ACTIVITY =>
Make your reply a word-for-word repeat of the records.

GIVEN RECORDS =>
********

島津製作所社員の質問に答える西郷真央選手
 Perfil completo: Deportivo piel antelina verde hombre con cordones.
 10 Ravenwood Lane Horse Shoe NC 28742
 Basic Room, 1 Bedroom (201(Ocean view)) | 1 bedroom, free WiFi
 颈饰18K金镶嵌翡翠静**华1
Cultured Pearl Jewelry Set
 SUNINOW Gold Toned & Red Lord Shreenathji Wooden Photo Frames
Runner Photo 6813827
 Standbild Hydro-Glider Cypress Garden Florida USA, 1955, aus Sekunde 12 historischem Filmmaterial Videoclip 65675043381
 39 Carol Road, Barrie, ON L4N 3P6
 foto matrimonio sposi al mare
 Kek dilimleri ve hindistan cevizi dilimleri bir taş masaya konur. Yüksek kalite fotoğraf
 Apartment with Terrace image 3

********

RESPONSE =>
島津製作所社員の質問に答える西郷真央選手
 Perfil completo: Deportivo piel antelina verde hombre con cordones.
 10 Ravenwood Lane Horse Shoe NC 28742
 Basic Room, 1 Bedroom (201(Ocean view)) | 1 bedroom, free WiFi
 颈饰18K金镶嵌翡翠静**华1
Cultured Pearl Jewelry Set
 SUNINOW Gold Toned & Red Lord Shreenathji Wooden Photo Frames
Runner Photo 6813827
 Standbild Hydro-Glider Cypress Garden Florida USA, 1955, aus Sekunde 12 historischem Filmmaterial Videoclip 65675043381
 39 Carol Road, Barrie, ON L4N 3P6
 foto matrimonio sposi al mare
 Kek dilimleri ve hindistan cevizi dilimleri bir taş masaya konur. Yüksek kalite fotoğraf
 Apartment with Terrace image 3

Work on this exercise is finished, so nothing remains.